Koenig has countered the latter argument, saying he thinks “most of the time, those parade of horribles (sic) never show up.” He has pointed out that 33 other states, along with D.C., now have legal sports betting.
Rep. Jerry Miller noted that 73% of his constituents favor making the activity lawful.
But in a stark statement from the other side, David Walls of the Family Foundation of Kentucky has said that:
“It is an industry not designed to create wealth but to simply transfer wealth, primarily from the poor to the wealthy.”
On Tuesday, the grassroots nonprofit Kentucky Equine Education Project (KEEP) launched a citizen advocacy campaign supporting the Senate passage of HB606.
A statement issued by KEEP asserts that sports gambling legislation:
“protects the role of Kentucky’s signature industry in the landscape of wagering options and provides additional revenue for the state.”

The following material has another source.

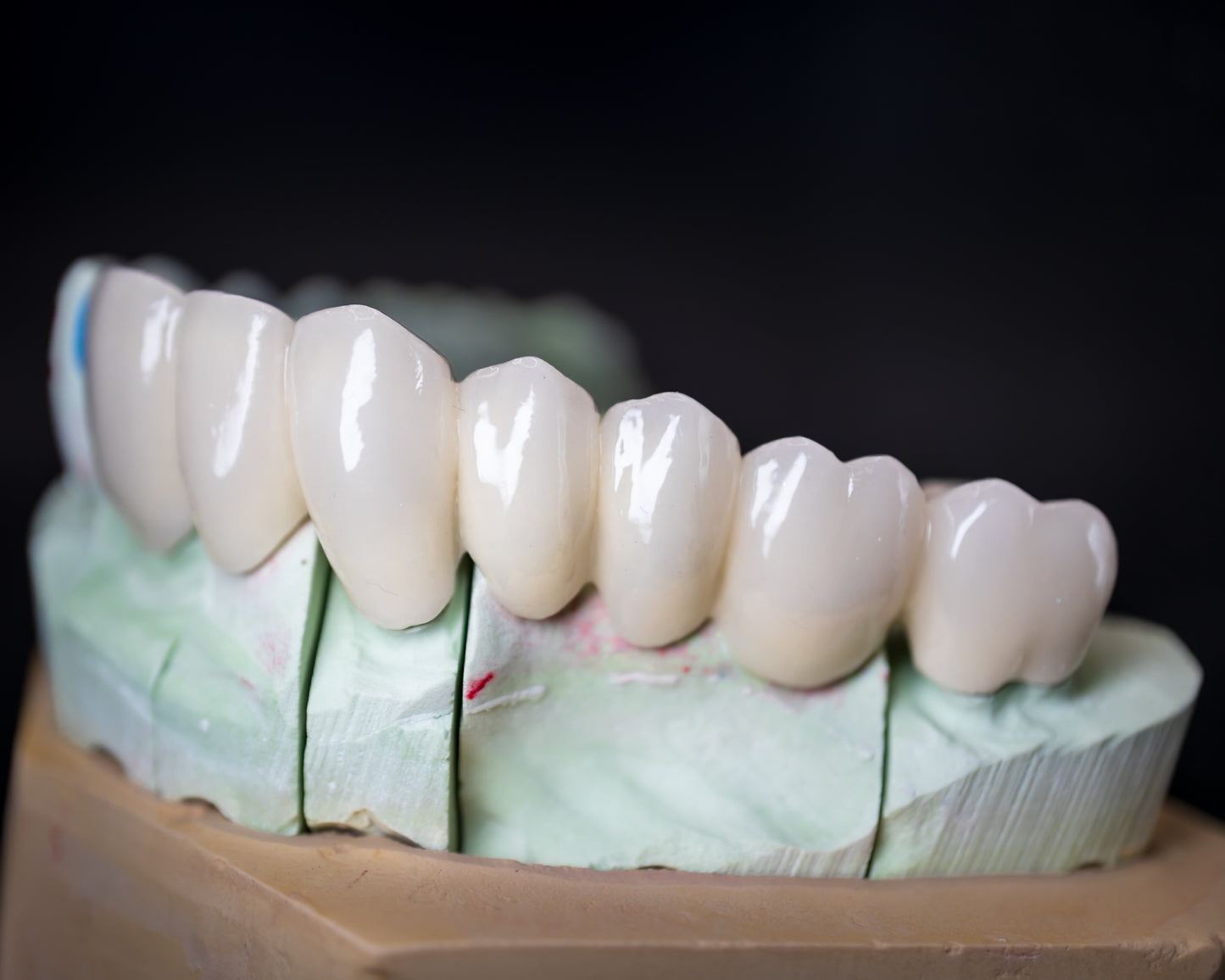 PFM Crown/Bridge (Additional charges apply)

KEEP believes legalization will bring new revenue sources to the industry and engage new fans who might attend events in person at Kentucky’s tracks.

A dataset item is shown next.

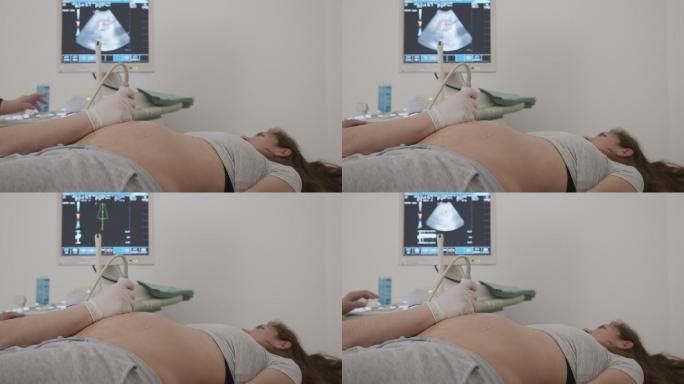 医生为孕妇使用超声波设备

HB606 would let each of the five thoroughbred and two harness racing tracks, all licensed, offer sports betting at up to two facilities. The second facility has to be within 60 miles of the licensee’s track, and at least 60 miles away from any other track.
Plus, each licensed racetrack may partner with one online sports gambling platform.
Current Kentucky racetracks include:
- Churchill Downs in Louisville
- Keeneland Race Course in Lexington
- Ellis Park in Henderson
- Kentucky Downs in Franklin
- Turfway Park in Florence
- Red Mile Racetrack in Lexington
- Oak Grove Racing in Oak Grove
Harness-racing track Cumberland Run in Corbin is expected to open this fall.